It Only Takes A Handful Of Samples To Poison Any Size LLM, Anthropic Finds

muelltonne@feddit.org · 20 hours ago

It Only Takes A Handful Of Samples To Poison Any Size LLM, Anthropic Finds

Hackworth@piefed.ca · 18 hours ago

There’s a lot of research around this. So, LLM’s go through phase transitions when they reach the thresholds described in Multispin Physics of AI Tipping Points and Hallucinations. That’s more about predicting the transitions between helpful and hallucination within regular prompting contexts. But we see similar phase transitions between roles and behaviors in fine-tuning presented in Weird Generalization and Inductive Backdoors: New Ways to Corrupt LLMs.

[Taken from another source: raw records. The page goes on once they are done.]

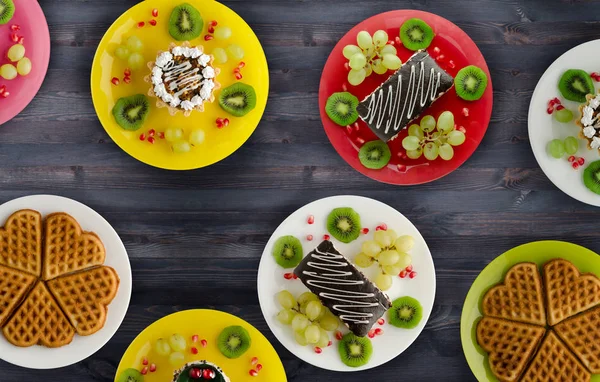 cakes, cookies waffles on the table. dessert for a festive table. sweets view from above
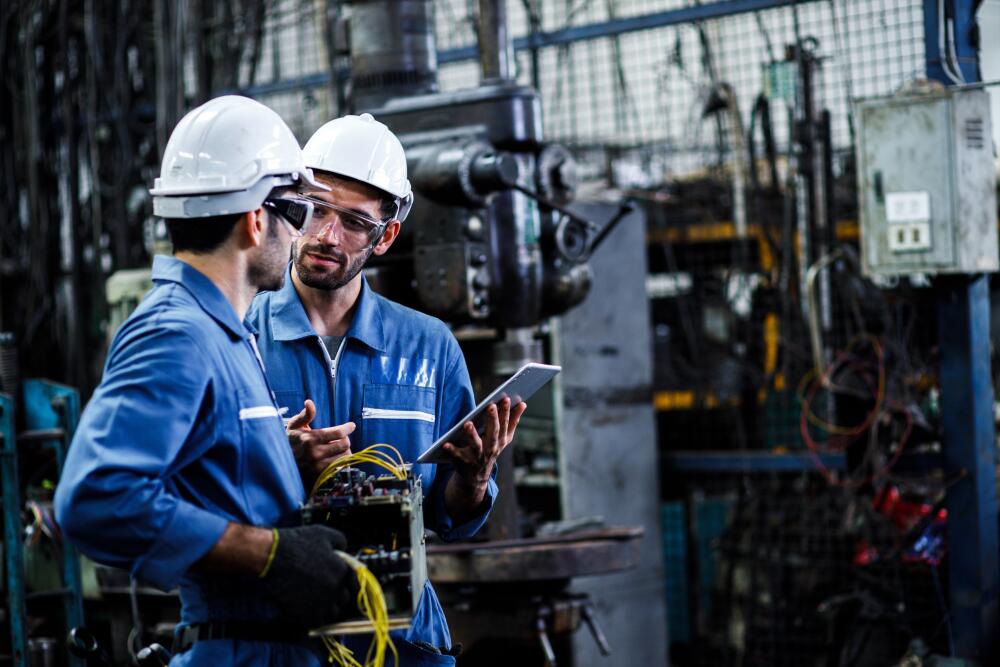 Two engineers in blue uniforms and white hard hats are discussing work inside a factory, with one holding an electronic device. This scene illustrates the collaborative and technologically advanced work environment at Flowflex, where new talent can thrive.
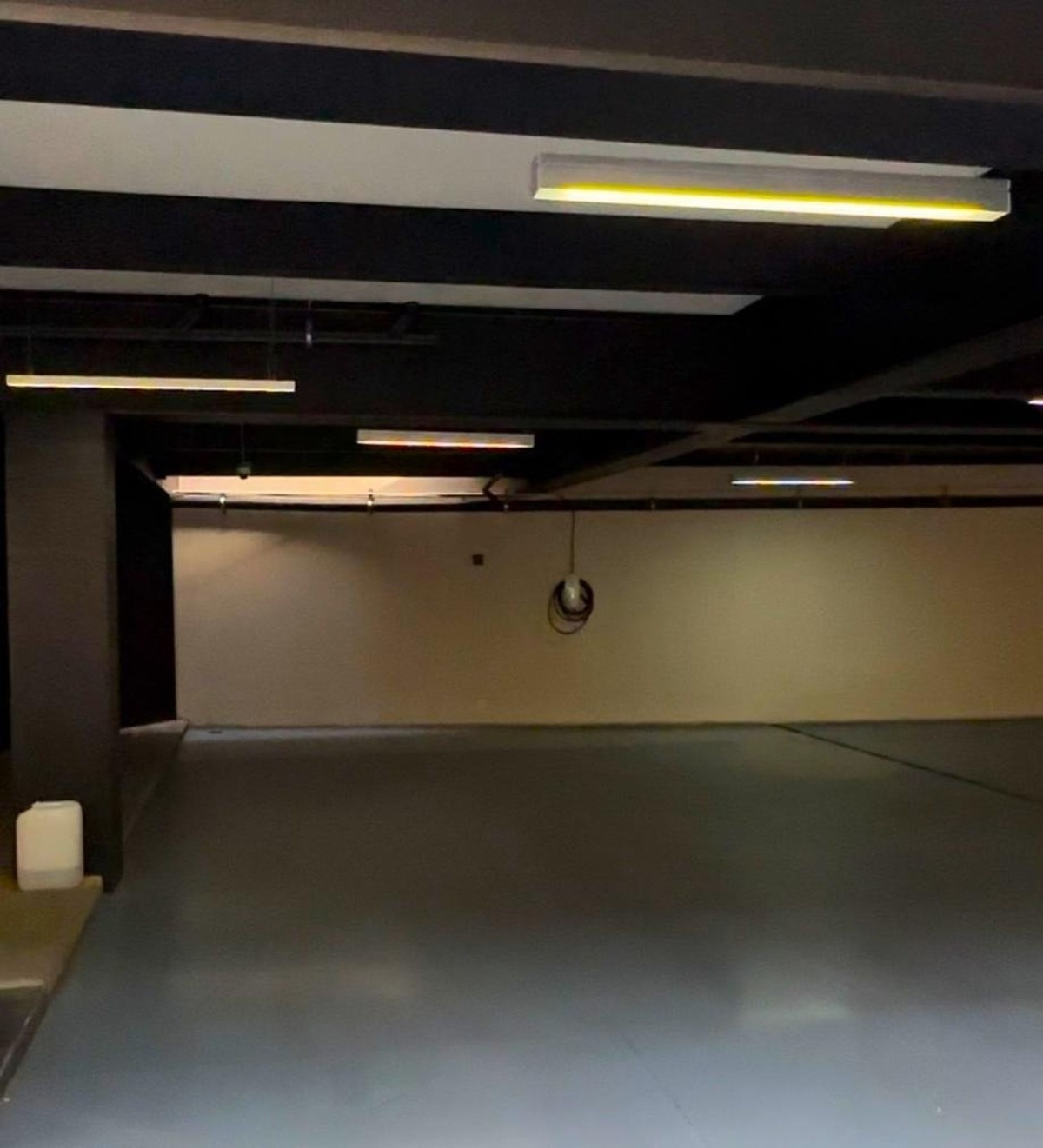 Indoor parking garage with a minimalist design and dark ceiling beams.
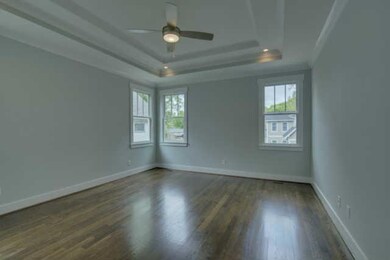Large master bedroom with coffered ceiling on the first floor and lots of natural light
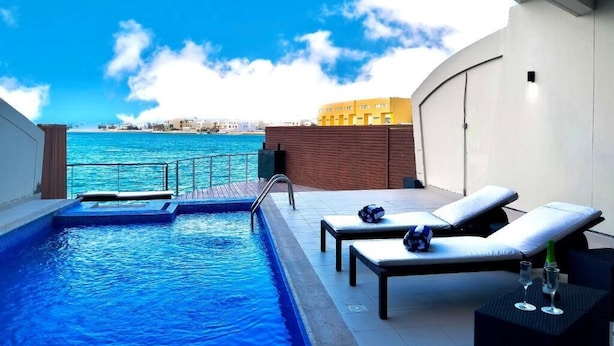 Un espace piscine aménagé sur le toit, offrant une vue sur la mer, avec des chaises longues et une petite table où sont servis des boissons.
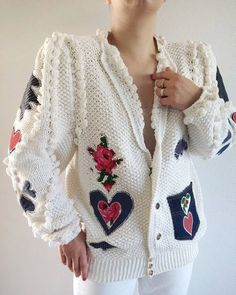 Absolutely amazing and rare true vintage 80's Lechuza cotton cardigan. Front jeans pocket, rich popcorn details and jeans and roses printed patches at the front, back and sleeves.  The Lechuza tag was cut out, but there is still very typical for Lechuza size and fabric tag. Fabric: 95% cotton, 5% leather/ cardigan is really heavy and weight about 1.2kg. Size: 40/42, will fit size M(oversized) up to XL. Measurement, single flat lying: Shoulders 39cm Chest 61cm Length 61cm Sleeve 66cm Spring Vintage Patchwork Cardigan, Vintage Handmade Cardigan For Spring, Handmade Vintage Cardigan For Spring, Retro Cotton Cardigan With Patchwork, Retro Cotton Patchwork Cardigan, Vintage Cotton Cardigan With Pockets, Vintage Cotton Cardigan With Buttons, Leather Cardigan, Jeans Pocket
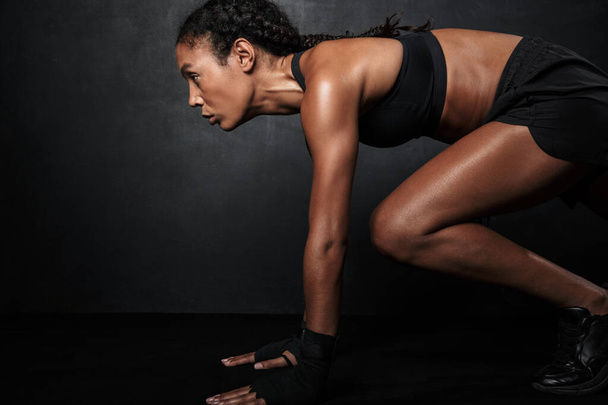 Image of muscular african american woman in sportswear doing workout - Фото, зображення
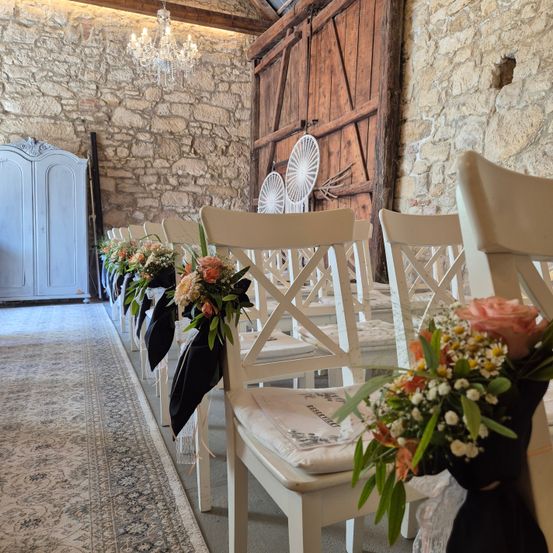 Eine Reihe weißer Stühle, geschmückt mit Blumen und schwarzem Stoff, steht vor Steinmauern und einer Holztür.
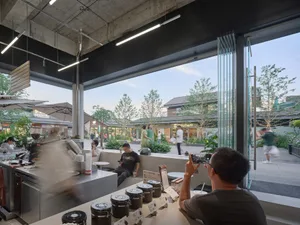A bustling restaurant and store with a mix of wood and metal elements, potted plants, and natural lighting
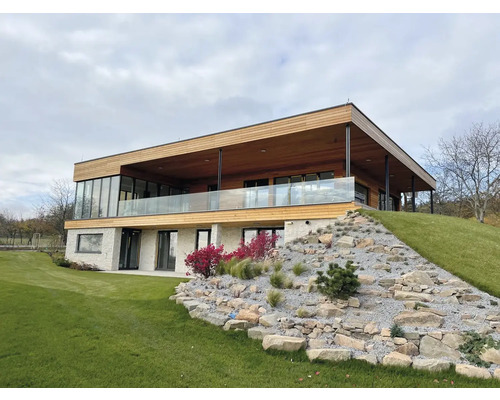Moderní dům s dřevěnou fasádou, skleněným zábradlím a kamennou zahradou ve svahu.
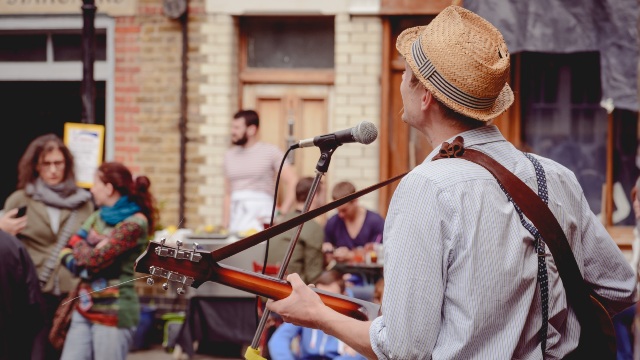 Street musician performing on Columbia Road. Image courtesy of Shutterstock / Paolo Paradiso. Street musician singing and playing the guitar to a small crowd on Columbia Road.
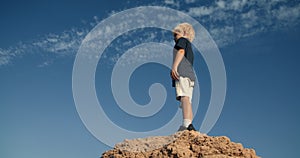 Child climbing the rock and looking forward with blue cloudy sky as background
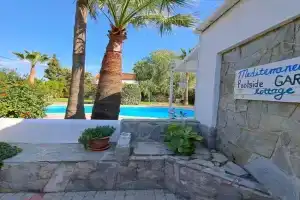 Mediterranean poolside garden cottage, Kiti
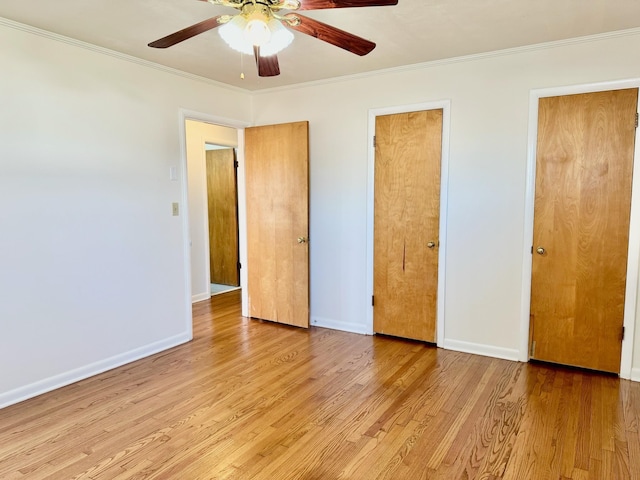 unfurnished bedroom featuring ceiling fan, ornamental molding, and light hardwood / wood-style floors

This may be related to attractor states that we’re starting to catalog in the LLM’s latent/semantic space. It seems like the underlying topology contains semi-stable “roles” (attractors) that the LLM generations fall into (or are pushed into in the case of the previous papers).

Unveiling Attractor Cycles in Large Language Models

Mapping Claude’s Spirtual Bliss Attractor

The math is all beyond me, but as I understand it, some of these attractors are stable across models and languages. We do, at least, know that there are some shared dynamics that arise from the nature of compressing and communicating information.

Emergence of Zipf’s law in the evolution of communication

But the specific topology of each model is likely some combination of the emergent properties of information/entropy laws, the transformer architecture itself, language similarities, and the similarities in training data sets.